The pipeline shape (memory_limiter first, batch last, enrichment in the middle) is the same for any other receivers you add. See OpenTelemetry Collector Overview for the broader patterns and authentication options. If you haven’t set anything up, the empty state on the Hosts page also deep-links to the Everything else tab of the add-data wizard.

Why resourcedetection matters

The Hosts inventory keys hosts on host.id and host.name. Without them, a single host can appear duplicated, or N replicas of a containerised collector can collapse into one fake host. The resourcedetection processor’s system detector fills host.id from the machine ID on Linux. Add the ec2, gcp, or azure detectors when running on those clouds (and eks, gke, or aks when running on their managed Kubernetes services) so the right cloud metadata enriches the hosts. Setting override: false makes sure an SDK-supplied host.name wins when there’s one already.

Hosts that are Kubernetes nodes

Hosts inside a Kubernetes cluster are recognized as nodes and appear on the Kubernetes view as well as in the Hosts inventory. The dedup hinges on host.name matching k8s.node.name. If you run a node-scoped DaemonSet collector, set both attributes from the downward API (spec.nodeName) so the same string lands in both places — otherwise the Hosts list will show one row per pod replica instead of one row per node.

Run the collector

Save the config above as collector.yaml, then:

Terminal
docker run --rm \
  -v "$(pwd)/collector.yaml:/etc/otelcol-contrib/config.yaml" \
  -e LOGFIRE_TOKEN=<your write token from project Settings → Write tokens> \
  otel/opentelemetry-collector-contrib:latest

The Hosts page populates within about a minute.

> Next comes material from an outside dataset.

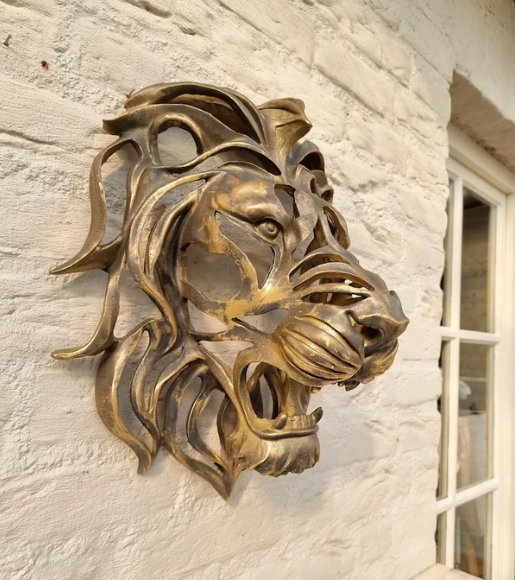 🦁 Reperto raro - Scultura da parete a testa di leone di grandi dimensioni🎁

To collect metrics from the host (not the container), bind-mount the host’s filesystem at /hostfs and set root_path: /hostfs in the receiver block.

Troubleshooting

SymptomLikely cause
Host doesn’t appear in the inventoryMetrics arrived without a host.id (or host.name). Add the system (and any cloud) detector to your collector’s resourcedetection processor.
Same physical host shows up twiceTwo sources are reporting different host.id values — for example the SDK reports the container ID while the Collector reports the machine ID. Pick one source per host, or set host.id explicitly.
Every replica of a containerised collector appears as one fake hosthost.id is being read from inside the container (so every replica reports the same value). Bind-mount the host’s filesystem and set root_path: /hostfs so resourcedetection’s system detector reads the real machine ID.
All hosts went stale at the same momentThe collector restarted, or a network blip is blocking exports. The page is just a window on what arrived — confirm with the collector’s own logs.
Kubernetes node appears as both a host and a node, but with different nameshost.name does not match k8s.node.name. Set both from the downward API (spec.nodeName) so they dedup correctly. See Hosts that are Kubernetes nodes.